Oddly enough, I have a clear vision in my mind of what constitutes pig-bitin’ ugly, and I’ve never lived on a farm.
The series looks like an interesting read. Is it still in print, or would I have to trawl eBay to find copies?
2. Jon Haehnle | April 3rd, 2007 at 12:33 am
Erin: I took the liberty of adding preview pages for Vol 1, hope you don’t mind
Kate: Midtown has Volumes 1-3 here AND it just so happens that all manga is 25% off from now til the end of April (although it must be noted that this sale is online only, not in-store)

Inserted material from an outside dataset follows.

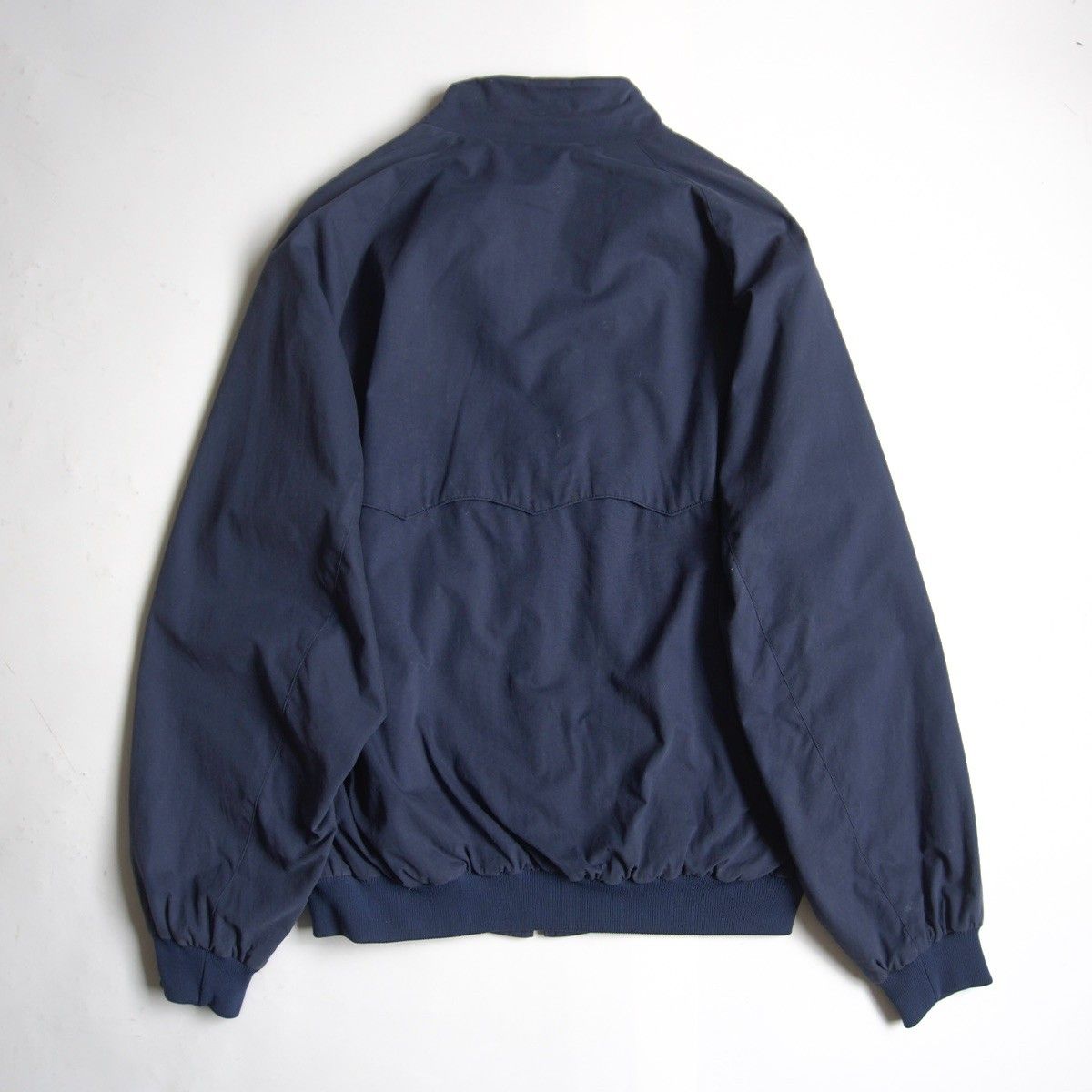 バラクーダG9 ハリントン optiジップ 80s ネイビー サイズ40 英国製 80年代 BARACUTA バラクータ G9 スイングトップ ハリントンジャケット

3. Katherine Dacey-Tsuei | April 3rd, 2007 at 12:39 am
This is an evil conspiracy to get me to part with more money!!!!
4. John Jakala | April 3rd, 2007 at 11:12 am
Oh, man, do I miss Club 9! I can see how others might find Kobayashi’s heavily-caricatured art off-putting, but I loved it. It was so comically expressive — perfect for the blend of comedy and drama Kobayashi was going for. I’d like to see the conclusion collected so much that I promise I wouldn’t even complain about paying for the earlier material a second (really, third) time if Dark Horse put out a single omnibus collecting the entire storyline.
I also love his What’s Michael? and would recommend it but the collections are so slim. I’d love it if Dark Horse would put out a thick omnibus of that series as well.

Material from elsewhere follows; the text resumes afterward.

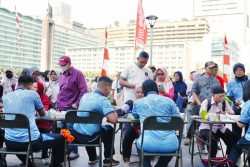 TNI Gelar Pemeriksaan Kesehatan Gratis Sambut HUT ke-81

5. qshoe1989 | April 7th, 2007 at 12:33 pm
Two omnibuses of Kobayashi’s work…. Drool….
6. Olivia | June 9th, 2007 at 3:20 pm
I feel your pain. I tried writing DH to see if they were ever going to release the rest of the series, since I desperately wanted to know how the manga ended. They gave me a similar response, but with more BS. Shoot, I’d be willing to pay 2-3 times the price if they just printed the rest of the series on an “on-demand” basis. As it is now, I have to purchase the last SMB magazine Club 9 was in to see how it ended. I’d collect all of them to read the rest of the plot, but they take up too much space & with how much the older magazines are selling for now, it’s not worth it. :( Maybe I can bribe some scanlation group into translating it for me.
7. Dolphin69 | March 21st, 2008 at 2:06 pm
I personally feel that the art is refreshing, many manga nowdays look so much alike. It is also very well written.